First discovered in the 1830s by Captain J. E. Alexander, the Gibeon meteorite is formulated of an iron-nickel alloy peppered with cobalt and phosphorus. What makes this other-wordly material so appealing are the crystalline patterns, known as Thomson structures, that run through the meteorite. Long cooling times caused the alloys to stretch into millimetre-sized bands called lamellae that form an octahedrite structure which, when acid etched, reveals the shape and texture you see here.
Whilst there’s a lot to be said of the fantastic dials that watchmakers like Grand Seiko have introduced to the world over the decades, there’s something incredibly profound about a beauty that has emerged straight from nature, has travelled lightyears to get here, has taken millions of years to form and is impossible to recreate here on Earth.
By comparison, humanity as we know it is just a spec in the eye of an aging universe so vast and so old that we can never truly appreciate or understand its magnificence and its magnitude. It is both truly wonderful and truly terrifying, and this little slice of it inside this GMT-Master II is a beautiful and haunting reminder of that.
That’s why it was such a surprise to see it so quietly added to the Rolex website without fuss or fanfare. The rarity of meteorite—and this Gibeon meteorite in particular—makes this GMT-Master II particularly special and quite literally unique, seeing as the formation found on the dial here will never be repeated ever again.
Why Rolex chose this particular watch to feature some of its dwindling supply of Gibeon meteorite, I don’t know, as a blue dial version from 2018 already delineates the white gold BLRO from the steel. That’s not a criticism, more of an observation; given how long it has taken to get to the point where we even have a red and blue ceramic GMT-Master II in the first place, the surprise inclusion of a meteorite dial is very un-Rolex.
Perhaps it’s the likes of Grand Seiko and its ever-increasing range of superb dials that’s caused Rolex to take a bit more of a risk with its own?
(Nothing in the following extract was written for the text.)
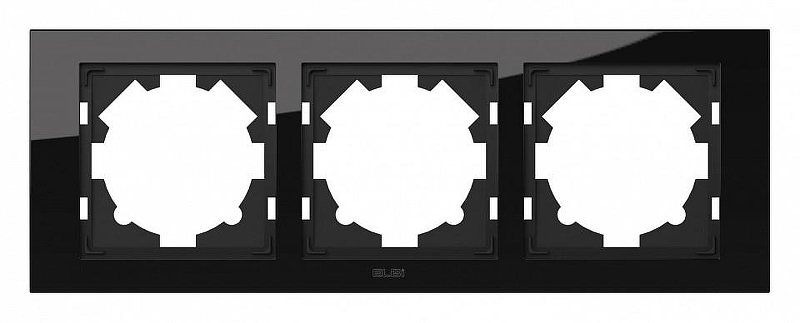 Рамка на 3 поста Elbi Eleсtriс Zena 500-073300-227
Maybe this is the start of something new and exciting from Rolex, where we see more ornate and interesting materials used in its precious metal sports watches? Whether that’s true or not, we’ve yet to find out, however one thing remains true: the GMT-Master II 126719BLRO meteorite may have been completely unexpected, but as surprises go, it was a very pleasant one.
If you’re looking for a luxurious, rare, beautiful watch from Rolex, you’re going to be hard pushed to find something better than the 126719BLRO. All the utilitarian style of the GMT-Master II with a subtle splash of luxurious white gold, topped off with the magnificence of the Gibeon meteorite, and we’ve got ourselves a winner. Fingers crossed it’s the start of something truly special—it certainly made Baselworld 2019 more interesting.